[Short descriptive text snippets]
◆ ◆ ◆ ◆

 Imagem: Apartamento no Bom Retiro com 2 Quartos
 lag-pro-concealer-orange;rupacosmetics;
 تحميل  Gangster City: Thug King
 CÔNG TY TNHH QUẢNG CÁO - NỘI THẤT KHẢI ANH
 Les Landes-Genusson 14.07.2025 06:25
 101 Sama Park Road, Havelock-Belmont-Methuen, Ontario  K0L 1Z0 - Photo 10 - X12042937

◆ ◆ ◆ ◆

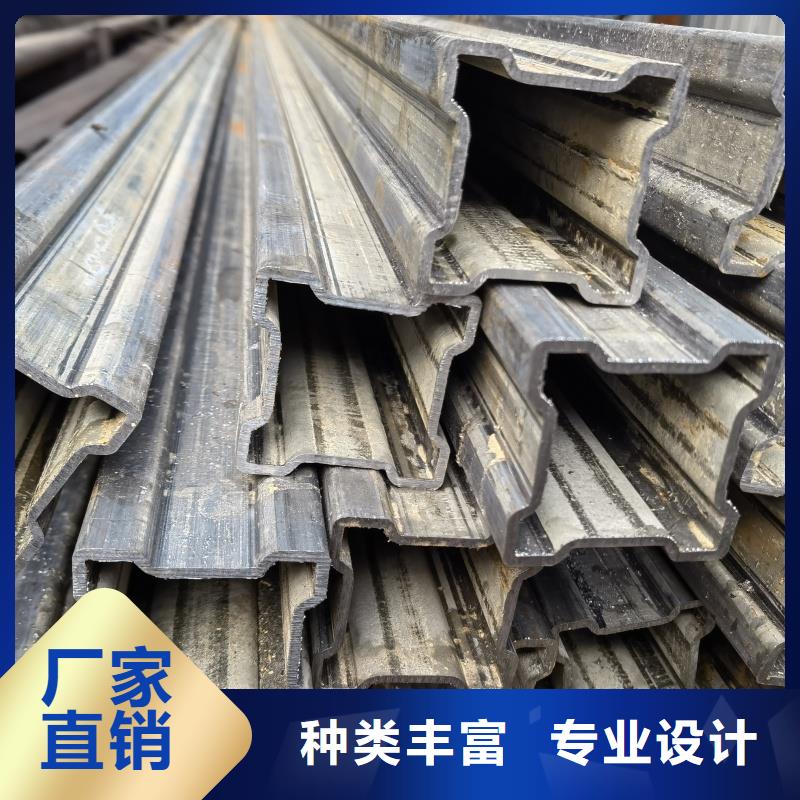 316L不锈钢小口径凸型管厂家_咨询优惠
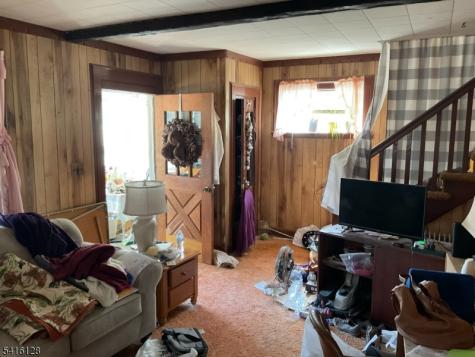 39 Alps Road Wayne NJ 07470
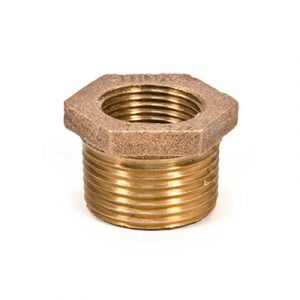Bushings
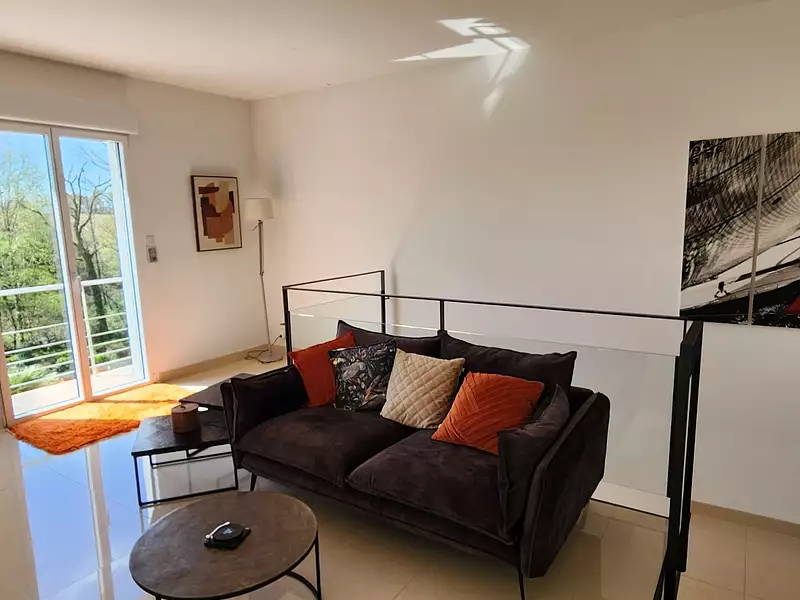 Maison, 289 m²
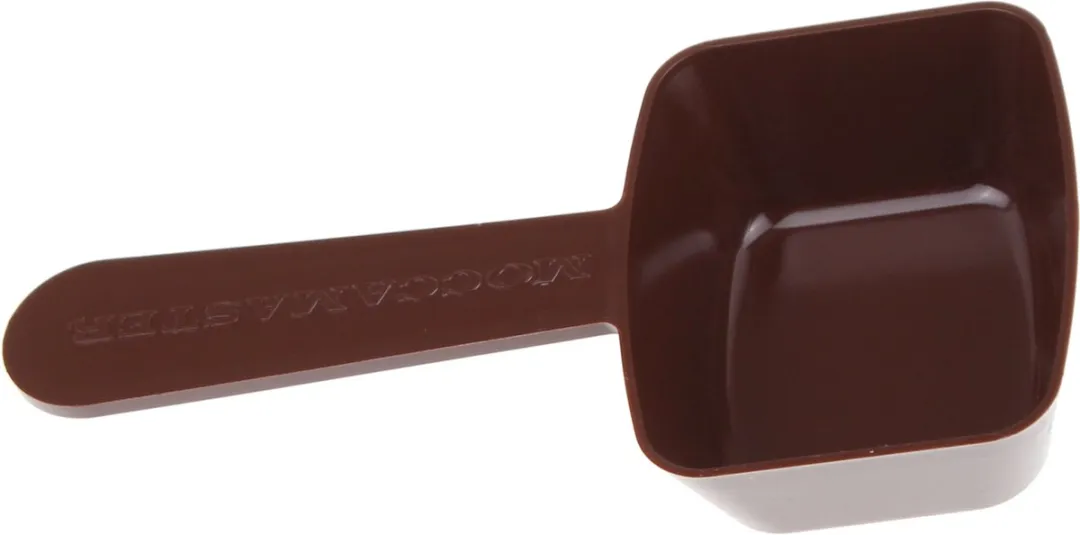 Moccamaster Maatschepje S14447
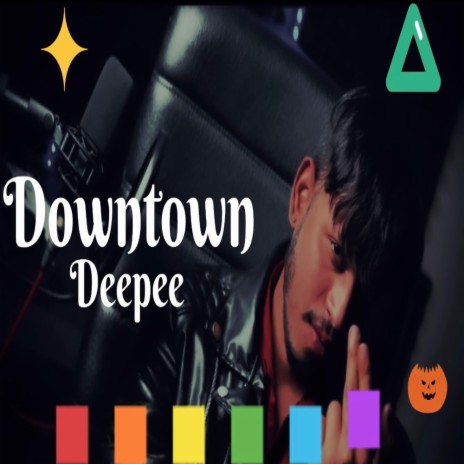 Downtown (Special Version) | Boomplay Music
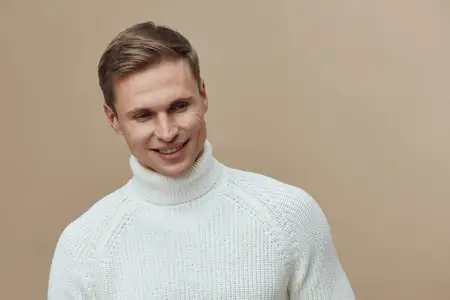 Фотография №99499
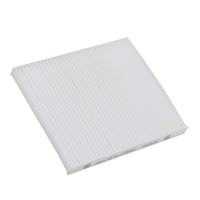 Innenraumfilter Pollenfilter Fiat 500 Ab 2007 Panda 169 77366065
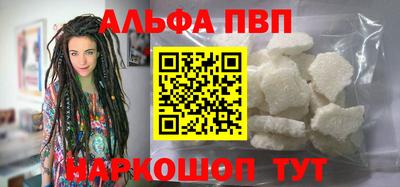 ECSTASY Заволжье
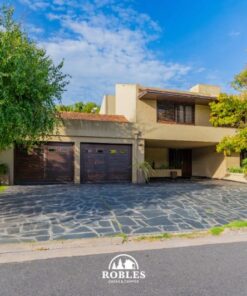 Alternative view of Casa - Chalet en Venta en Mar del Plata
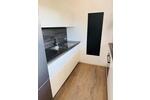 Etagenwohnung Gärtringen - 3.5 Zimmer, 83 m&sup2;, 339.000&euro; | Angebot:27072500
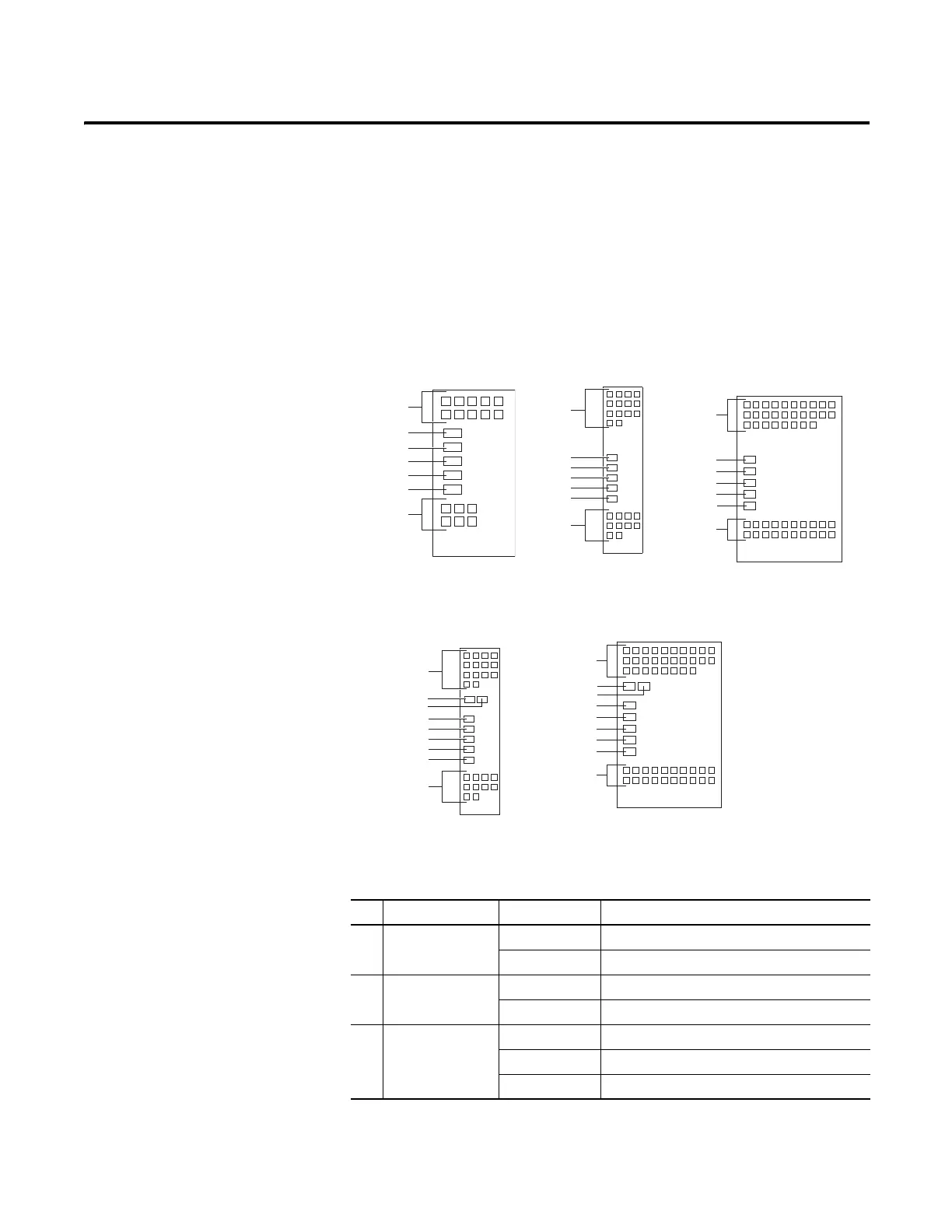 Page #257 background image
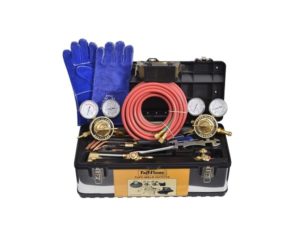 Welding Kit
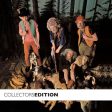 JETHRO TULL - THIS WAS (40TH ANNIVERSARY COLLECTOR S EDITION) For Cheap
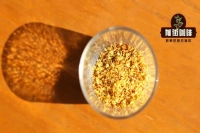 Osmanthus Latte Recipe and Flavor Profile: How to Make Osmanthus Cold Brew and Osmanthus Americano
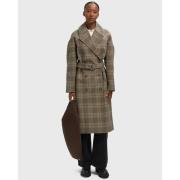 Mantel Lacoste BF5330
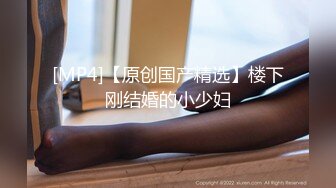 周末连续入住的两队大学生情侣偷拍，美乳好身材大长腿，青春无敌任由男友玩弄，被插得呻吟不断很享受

◆ ◆ ◆ ◆

▸ How to complete this task:
Above are some records. Reproduce the lines from the one with "Welding Kit" down to the one with "周末连续入住的两队大学生情侣", keeping both, and leave every picture out.

▸ Response to the task:
 Welding Kit
 JETHRO TULL - THIS WAS (40TH ANNIVERSARY COLLECTOR S EDITION) For Cheap
 Osmanthus Latte Recipe and Flavor Profile: How to Make Osmanthus Cold Brew and Osmanthus Americano
 Mantel Lacoste BF5330
 周末连续入住的两队大学生情侣偷拍，美乳好身材大长腿，青春无敌任由男友玩弄，被插得呻吟不断很享受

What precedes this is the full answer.